### Required action
The lines from the start of the records through the one containing "Zdjęcie 11 z" are to be restated word for word; please include both ends.

Supplied records section start

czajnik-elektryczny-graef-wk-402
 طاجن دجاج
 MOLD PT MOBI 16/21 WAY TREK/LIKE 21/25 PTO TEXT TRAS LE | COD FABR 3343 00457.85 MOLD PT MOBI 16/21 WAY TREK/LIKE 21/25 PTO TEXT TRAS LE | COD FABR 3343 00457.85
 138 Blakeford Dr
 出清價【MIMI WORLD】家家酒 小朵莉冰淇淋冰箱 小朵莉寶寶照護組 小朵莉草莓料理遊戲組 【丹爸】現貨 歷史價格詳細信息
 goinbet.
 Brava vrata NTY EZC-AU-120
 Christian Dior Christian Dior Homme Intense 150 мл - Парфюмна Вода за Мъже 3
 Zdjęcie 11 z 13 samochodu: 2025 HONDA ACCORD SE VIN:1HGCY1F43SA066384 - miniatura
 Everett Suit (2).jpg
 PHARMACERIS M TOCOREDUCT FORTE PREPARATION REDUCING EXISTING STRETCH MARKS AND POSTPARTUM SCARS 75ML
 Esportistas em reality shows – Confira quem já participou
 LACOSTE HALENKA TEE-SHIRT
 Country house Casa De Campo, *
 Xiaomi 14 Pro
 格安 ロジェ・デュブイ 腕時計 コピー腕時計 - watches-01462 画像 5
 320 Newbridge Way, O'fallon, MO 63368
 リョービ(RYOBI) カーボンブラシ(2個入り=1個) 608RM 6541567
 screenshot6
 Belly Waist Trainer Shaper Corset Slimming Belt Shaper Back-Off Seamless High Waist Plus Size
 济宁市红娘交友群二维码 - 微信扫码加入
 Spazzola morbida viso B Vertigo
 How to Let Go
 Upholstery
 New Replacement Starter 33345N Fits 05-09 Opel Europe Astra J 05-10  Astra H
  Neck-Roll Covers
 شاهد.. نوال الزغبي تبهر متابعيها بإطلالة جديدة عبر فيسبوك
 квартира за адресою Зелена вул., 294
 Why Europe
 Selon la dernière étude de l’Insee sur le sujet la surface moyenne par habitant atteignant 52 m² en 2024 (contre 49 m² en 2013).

Supplied records section end

### Output
czajnik-elektryczny-graef-wk-402
 طاجن دجاج
 MOLD PT MOBI 16/21 WAY TREK/LIKE 21/25 PTO TEXT TRAS LE | COD FABR 3343 00457.85 MOLD PT MOBI 16/21 WAY TREK/LIKE 21/25 PTO TEXT TRAS LE | COD FABR 3343 00457.85
 138 Blakeford Dr
 出清價【MIMI WORLD】家家酒 小朵莉冰淇淋冰箱 小朵莉寶寶照護組 小朵莉草莓料理遊戲組 【丹爸】現貨 歷史價格詳細信息
 goinbet.
 Brava vrata NTY EZC-AU-120
 Christian Dior Christian Dior Homme Intense 150 мл - Парфюмна Вода за Мъже 3
 Zdjęcie 11 z 13 samochodu: 2025 HONDA ACCORD SE VIN:1HGCY1F43SA066384 - miniatura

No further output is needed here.